"Full of eastern promise" is the unforgettable slogan used in this sexy and mysterious British TV advert for Fry's Turkish Delight, which first aired in 1981, although the slogan was launched in the 1950s. The advert became iconic and is much-loved by the British TV viewing public.
The setting is a sandy desert and is entitled "Shimmering Sands". The exotic ad features a handsome guy and an attractive lady dressed in traditional style, Arabian/Middle Eastern desert clothes. It's very notable that both of the actors are fair-skinned and definitely not from Turkey, and if such an ad were to be released these days, it would certainly cause a commotion.
Now, this certainly isn't an advert that is action-packed, and it involves rather a lot of staring into the camera with an alluring gaze by the couple.
The woman sheds a tear as if yearning for her lost lover, who soon makes an appearance, much to her Turkish delight. While the woman is laid on her back (no doubt having a wet dream thinking about him), the man moves slowly over her towards her face. Now, I would've bet my life on the possibility that he is about to give her a delicate kiss, that's a certainty, surely? Well, as it turns out, no it isn't! Instead he blows over her face (maybe his idea of a blow job?) which is kind of creepy if you want my opinion. If someone started blowing on my face instead of kissing me then serious questions would need to be asked!

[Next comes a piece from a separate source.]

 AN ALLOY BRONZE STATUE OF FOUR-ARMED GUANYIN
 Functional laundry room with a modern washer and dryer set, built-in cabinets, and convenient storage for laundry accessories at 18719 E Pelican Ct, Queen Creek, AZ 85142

So the couple have the opportunity to get passionate with each other in the desert, but instead, decide to eat a Turkish delight. The guy does get his big chopper out, but don't get too excited, it's just his sword I'm referring to, and he uses it to slice the chocolate bar in half with.

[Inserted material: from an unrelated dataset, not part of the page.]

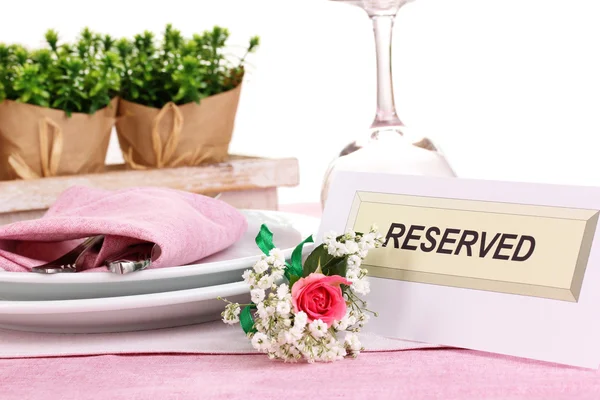 Table setting with reserved card in restaurant — Stock Photo, Image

I believe the music for the ad was created by Jeff Wayne (War Of The Worlds) although I haven't been able to confirm this 100%.
It's a deliberately mysterious advert that gives off an exotic vibe, and, thus, the chocolate bar was generally more favoured by adults than children. It certainly wasn't my first choice when venturing into the local sweet shop back in the 1970s and early 80s. Having said that, my Mum hated Turkish Delight and so it definitely wouldn't have been her first choice either - she was a dark chocolate fan and liked Bourneville and Black Magic chocolates.

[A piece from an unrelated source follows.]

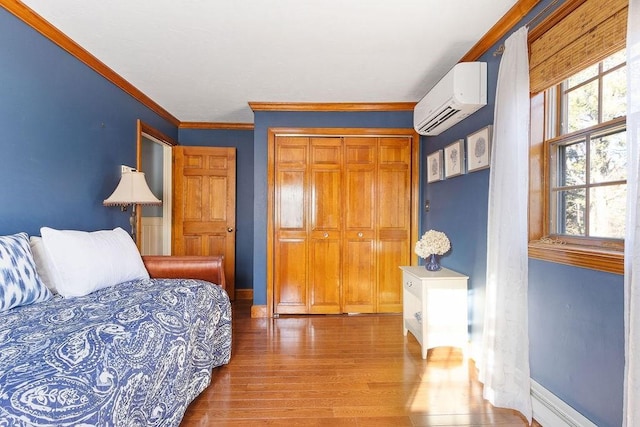 bedroom with crown molding, baseboards, wood finished floors, and a wall mounted air conditioner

Now, I actually quite like this chocolate bar, although there are a great many who are not fans of the rose-flavoured jelly centre. The jelly to chocolate ratio is pretty high, and it's rather sweet, and it doesn't really quite live up to the exoticness that pours out of the advert. The overall taste experience is certainly not the same as your traditional Turkish Delight that you would buy in Turkey, which comes without the chocolate coating and has a rather more sophisticated texture and taste, rather than a mass-produced one.
The chocolate bar was launched in 1914 in the British isles by J. S. Fry & Sons, who merged with cadbury in 1919, although the Fry's brand name has remained ever since.
Fry's Turkish Delight is still being made by Cadbury and the slogan is still being used on their website.